» The data
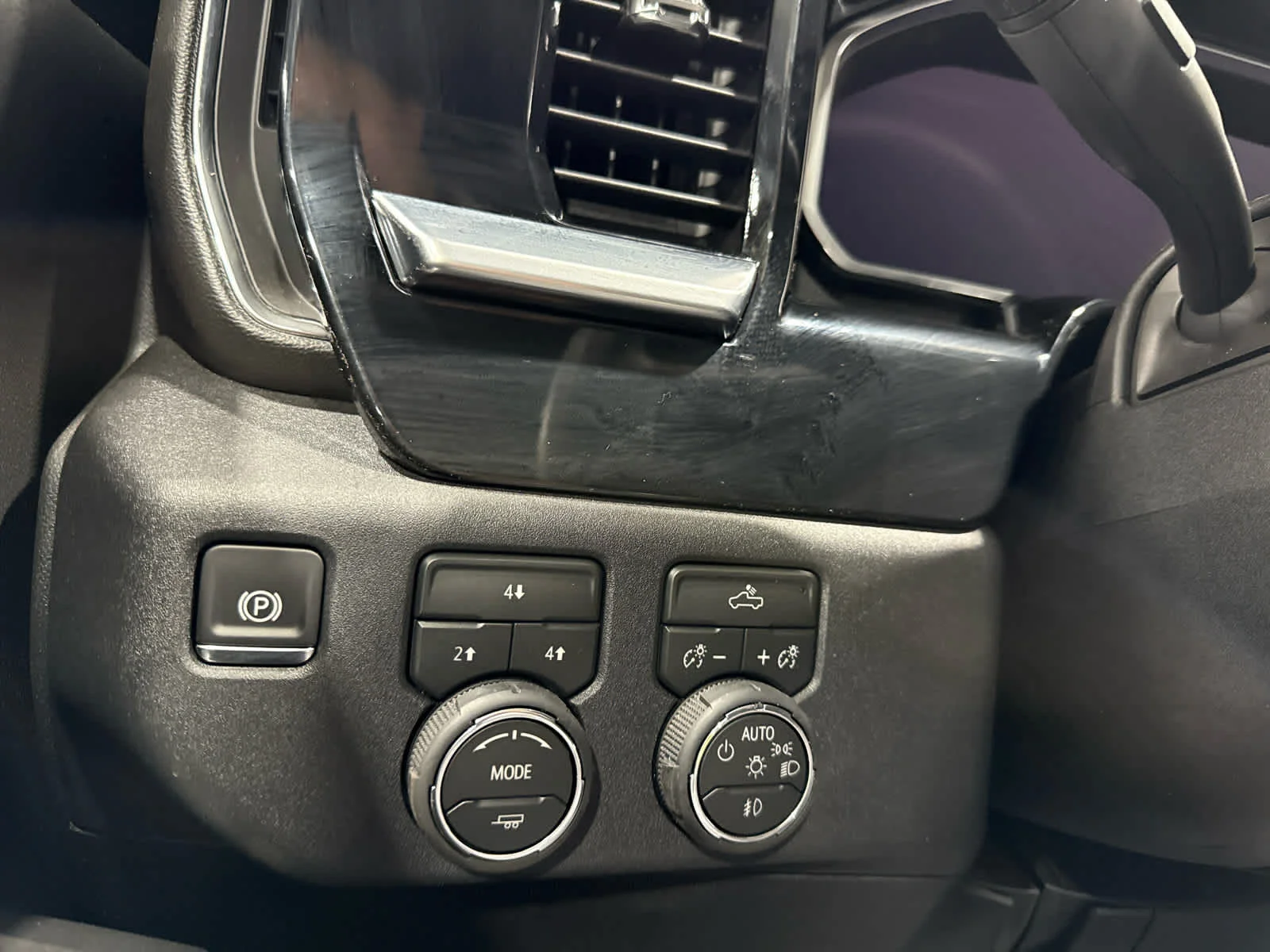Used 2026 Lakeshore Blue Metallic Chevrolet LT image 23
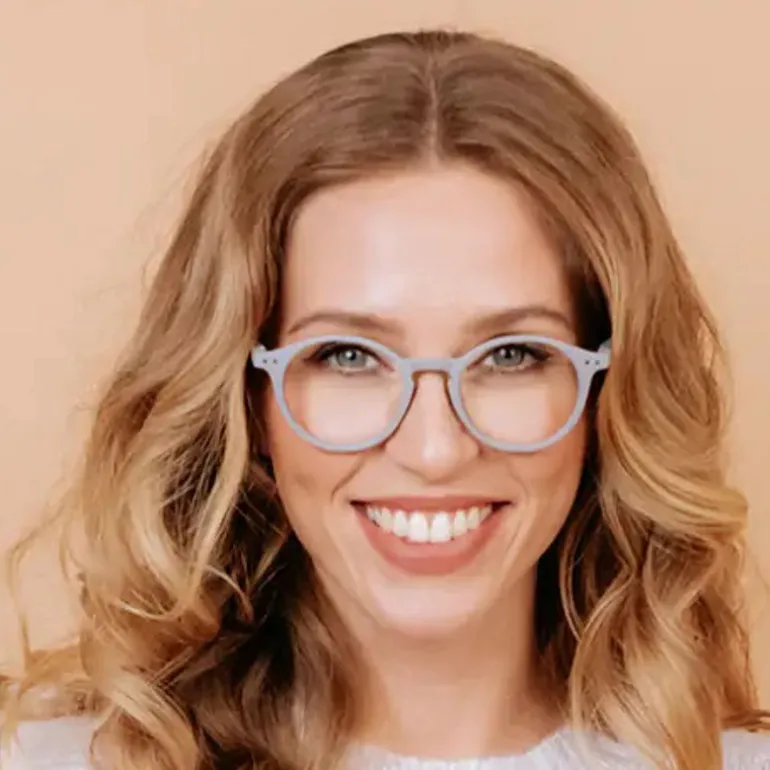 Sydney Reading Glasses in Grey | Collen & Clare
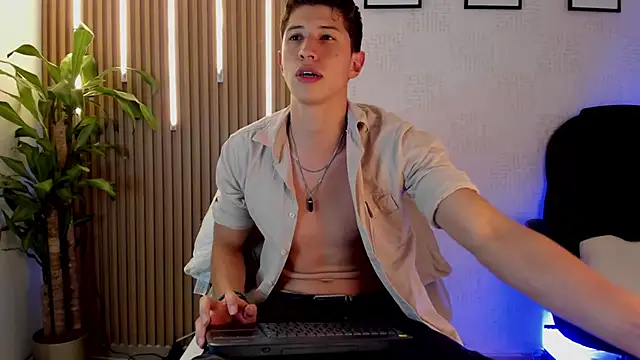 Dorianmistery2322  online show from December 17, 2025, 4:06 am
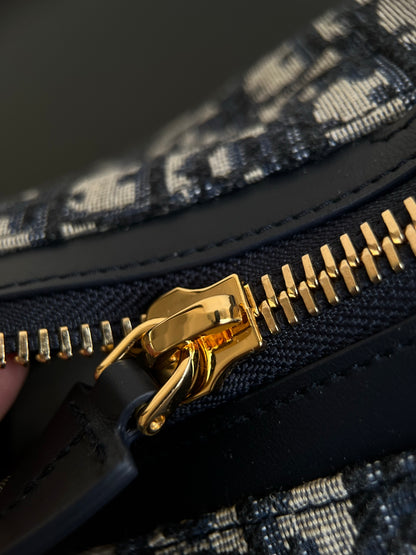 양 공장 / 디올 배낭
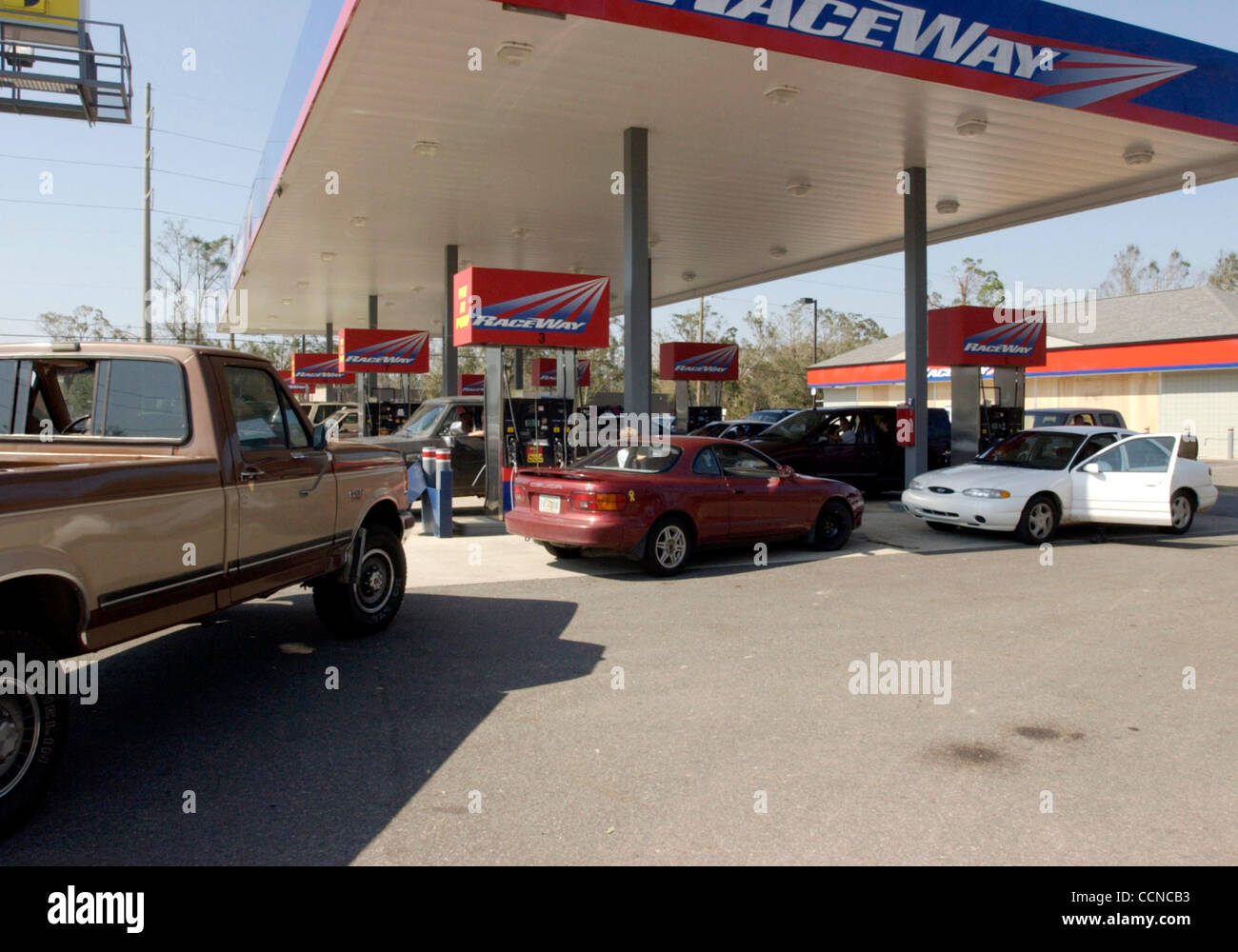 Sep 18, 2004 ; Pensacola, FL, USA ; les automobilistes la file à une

» Brief
Apart from the pictures, all of the data should be repeated exactly.

» Solution to this exercise
Used 2026 Lakeshore Blue Metallic Chevrolet LT image 23
 Sydney Reading Glasses in Grey | Collen & Clare
 Dorianmistery2322  online show from December 17, 2025, 4:06 am
 양 공장 / 디올 배낭
 Sep 18, 2004 ; Pensacola, FL, USA ; les automobilistes la file à une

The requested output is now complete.